Евгений Абрамович был так велик и грандиозен в узких кругах, что говорить о нем человеку хоть сколько-нибудь посвященному следует с придыханием. Он некоторым образом придумал дизайн как вид деятельности, назвал его станковым проектированием, а потом еще собирал молодых людей на Сенеже, и там у них случилась сенежская студия, которая была очень прогрессивной по взглядам и неформальной по поведению. Евгений Абрамович считал, что и Пушкин тоже велик и грандиозен. И показывать его можно только с придыханием. Нужно создавать образ быта, возвысившегося над собой путем присутствия в нем бессмертного пушкинского гения.
Главной пластической идеей, выражающей это особое состояние бытовой повседневности, должна была, по мнению Евгения Абрамовича, стать «священная пустота». При резкой нехватке подлинных предметов это было, кстати, и несложно. Но все равно надо как-то, наверное, заранее сообщать посетителям о замысле Евгения Абрамовича, иначе по ходу осмотра музея у них может создаться неверное впечатление, что там нечего смотреть. Но и то сказать, у молодой семьи, въехавшей в съемную квартиру на три месяца, вещей-то немного. Тоже понимать надо, а не пялиться по сторонам, как баре жили.
Вообще, что может быть пошлее вещизма в мемориальной квартире? Евгений Абрамович совершенно отказался от этого. Он полагал, что нужно создавать образ помещения намеком на его функцию. Это у него примерно так выглядит. Скажем, вот комната Натальи Николаевны.
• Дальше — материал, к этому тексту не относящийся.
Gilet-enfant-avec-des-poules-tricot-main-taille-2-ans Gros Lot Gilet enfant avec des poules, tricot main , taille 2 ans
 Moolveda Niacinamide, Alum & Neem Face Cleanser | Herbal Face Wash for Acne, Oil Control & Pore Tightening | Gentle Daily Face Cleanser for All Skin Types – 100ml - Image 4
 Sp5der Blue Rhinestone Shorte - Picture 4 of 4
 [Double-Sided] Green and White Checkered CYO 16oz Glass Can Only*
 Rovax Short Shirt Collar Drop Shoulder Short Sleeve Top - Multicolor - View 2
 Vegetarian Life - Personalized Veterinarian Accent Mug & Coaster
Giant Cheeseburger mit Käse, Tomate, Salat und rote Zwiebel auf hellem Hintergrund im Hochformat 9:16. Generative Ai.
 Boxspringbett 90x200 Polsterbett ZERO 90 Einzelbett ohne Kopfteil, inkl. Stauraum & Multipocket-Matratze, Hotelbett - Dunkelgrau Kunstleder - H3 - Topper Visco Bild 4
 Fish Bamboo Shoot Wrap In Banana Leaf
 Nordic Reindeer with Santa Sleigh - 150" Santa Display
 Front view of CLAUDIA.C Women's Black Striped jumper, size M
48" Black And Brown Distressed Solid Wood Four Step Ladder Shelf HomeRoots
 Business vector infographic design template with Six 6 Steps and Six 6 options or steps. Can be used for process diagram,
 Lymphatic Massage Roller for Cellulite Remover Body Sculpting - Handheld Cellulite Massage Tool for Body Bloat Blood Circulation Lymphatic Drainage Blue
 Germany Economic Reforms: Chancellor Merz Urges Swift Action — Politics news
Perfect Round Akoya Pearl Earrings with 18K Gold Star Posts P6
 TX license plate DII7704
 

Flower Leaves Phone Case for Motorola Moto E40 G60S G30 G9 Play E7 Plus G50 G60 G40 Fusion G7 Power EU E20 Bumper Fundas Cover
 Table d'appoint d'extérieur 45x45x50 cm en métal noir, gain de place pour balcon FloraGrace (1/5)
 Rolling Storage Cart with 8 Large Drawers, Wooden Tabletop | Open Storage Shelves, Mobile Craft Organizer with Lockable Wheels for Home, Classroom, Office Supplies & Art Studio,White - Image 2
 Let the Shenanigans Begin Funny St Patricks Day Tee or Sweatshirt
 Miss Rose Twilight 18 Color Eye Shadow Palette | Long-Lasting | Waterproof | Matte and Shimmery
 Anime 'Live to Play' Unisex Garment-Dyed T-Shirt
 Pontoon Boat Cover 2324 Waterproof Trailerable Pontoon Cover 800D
Там из вещей присутствует только столик-бобик в форме как бы сарделечки – милое создание мебельного искусства, но довольно необязательного свойства. Наталья Николаевна была очень юна, когда встретилась с Пушкиным, и, вероятно, показалось, что ей подходит мебель полуигрушечная, с не вполне определенной функцией. С другой стороны, это ж не просто комната. Не то что Наталье Николаевне как женщине требовался в ее комнате шкаф какой-нибудь или что там у них бывает. Ничего там нет, священная пустота и столик-бобик по центру.
Но бобик поставлен на пьедестал, наподобие трибуны, на фоне торжественных гардин. Как если бы Наталья Николаевна на правах супруги великого поэта произносила за бобиком речь о женской доле в высоком смысле и перед племенем молодых пушкинисток. Причем пол у этого пьедестала, на котором стоит столик, сделан из зеркала. Это для метафизики сделали, но в бытовом смысле получилось несколько странно. Не знаю, возможно, Евгений Абрамович полагал, что, будучи женой настолько великого человека, женщина должна следить за собой совсем со всех сторон.
Не то Александр Сергеевич. Что ему столик-бобик – у него конторка, потому что он поэт. Хорошо известно, что эти три месяца, пока он жил с молодой женой в Москве, он совсем ничего не писал, но символически-то мог бы. Как бывает у молодых супругов, у нее так, у него эдак, но на паритетных началах – у него такая же комната, тоже с пьедесталом, только конторка вместо бобика. И тоже на пьедестале, и тоже на зеркальном полу, чтобы он тоже, сочиняя бессмертное, мог блюсти свой нижний вид. А больше ничего нет.
Маленькая угловая комната квартиры, единственная непроходная, – это была спальня. Ставить там брачное ложе Розенблюм посчитал неуместным. Нет, ну а как? Залезать в спальню великого поэта? Вместо кровати там, как водится, священная пустота, зато в витринах у стен расположили экспозицию, посвященную детям Пушкина – фотографии, документы. То есть все тонко, все на намеке, что в результате пребывания в этом помещении у Пушкина появились дети. И много! Фрейд, думаю, восхитился бы экспозицией, где дети символически присутствуют при брачных играх родителей, она могла бы служить идеальной иллюстрацией его любимых идей. Но вряд ли Евгений Абрамович имел в виду именно это, разве что подсознательно.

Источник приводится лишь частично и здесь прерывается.